Размер шрифта
-
+

Труды по россиеведению. Выпуск 5 - стр. 94

Вот как, к примеру, в 2005 г. толковал «философию Путина» (в некоторой степени выдавая желаемое за действительное) бывший главный редактор «Независимой газеты» Виталий Третьяков: «Свою политическую философию Владимир Путин сформулировал на шестом году президентства. Произошло ли это случайно, под влиянием ли накопленного опыта и соответствующих раздумий, или так было задумано еще при приходе к власти, не столь важно. Важно, что эта философия оглашена в 2005 году. Важно, что теперь она имеется… Генеральная метафизическая основа политической философии Путина следующая: Россия была, есть и будет крупнейшей европейской нацией. Демократическая традиция есть не нечто привнесенное в Россию откуда-либо, а естественным путем и в определенный исторический момент возникшая в ней самой ценность, равно значимая в российском общественном сознании еще двум ценностям – свободе (в том числе и независимости, суверенности русской нации и русского государства) и справедливости…»106.

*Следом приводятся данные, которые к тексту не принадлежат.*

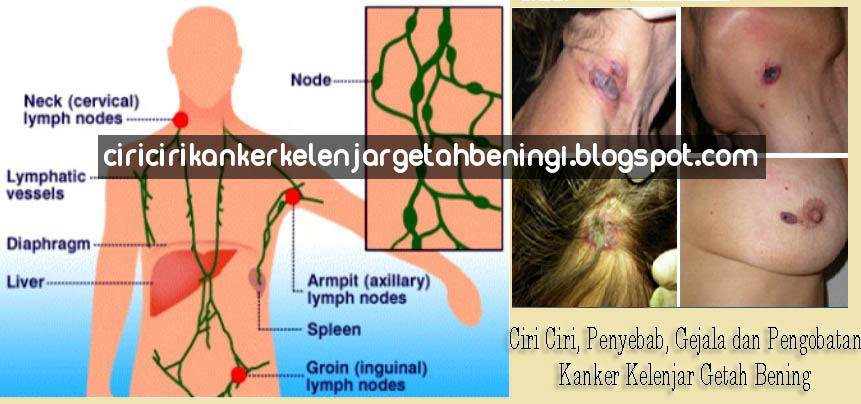 Herpes armpit lymph nodes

Эти рассуждения довольно забавно выглядели уже лет через пять. Правда, Третьяков внес тогда в свою интерпретацию некоторые поправки: «Механическое следование внешне демократическим процедурам, с одной стороны, позволит не народу, а лишь бюрократии укрепить свои позиции в государстве и обществе, а с другой стороны – опять хаотизирует недостаточно сбалансированную общественную жизнь и спровоцирует бюрократию как хранительницу государства на государственный переворот, ликвидирующий достигнутый уровень свободы»107. По существу, здесь указано на опасность следования «внешне демократическим процедурам» (т.е. на опасность для России демократии): они, якобы, «хаотизируют недостаточно сбалансированную общественную жизнь». Такого рода толкования фактически оправдывали меры президентской Администрации: к тому времени в законодательство о выборах были внесены изменения, выгодные партии власти, отменили губернаторские выборы, устанавливался контроль за политическим контентом крупнейших телеканалов. В результате этих действий была свернута политическая конкуренция, а первое лицо оказалось вне контроля и критики. Устранили то, что, по мнению приверженцев нового режима, «хаотизировало» политическое поле – реальную конкуренцию.

Еще через несколько лет для иллюзии сохранения в России «демократической традиции» почти не осталось места. Аргументация защитников политического режима свелась к тому, что он создает благоприятные условия для развития экономики, обеспечивая общественную стабильность. Благоприятный климат «нулевых» годов по-прежнему противопоставлялся хаосу «девяностых». Провозглашалось, что борьбой с злоупотреблениями власти, коррупцией, произволом эффективнее любых оппозиций занимается президент. Получалось, что именно авторитарное государство (адепты предпочитали именовать его «консолидированным») пригодно для экономической модернизации. «Есть… концепция… которая считает консолидированное государство инструментом переходного периода, инструментом модернизации. Некоторые называют это авторитарной модернизацией… Президент больше любой оппозиции делает для борьбы с коррупцией, отсталостью, для развития политической системы… Систему надо адаптировать к меняющемуся, усложняющемуся обществу. Но это не значит, что мы должны от системы отказываться. Ее надо сохранять. И не впускать то, что может ее разрушить… Девяностые годы показали: само по себе расщепление общества не рождает позитивную энергию. Да, некоторую энергию высвобождает, но на что она расходуется и куда это приводит?»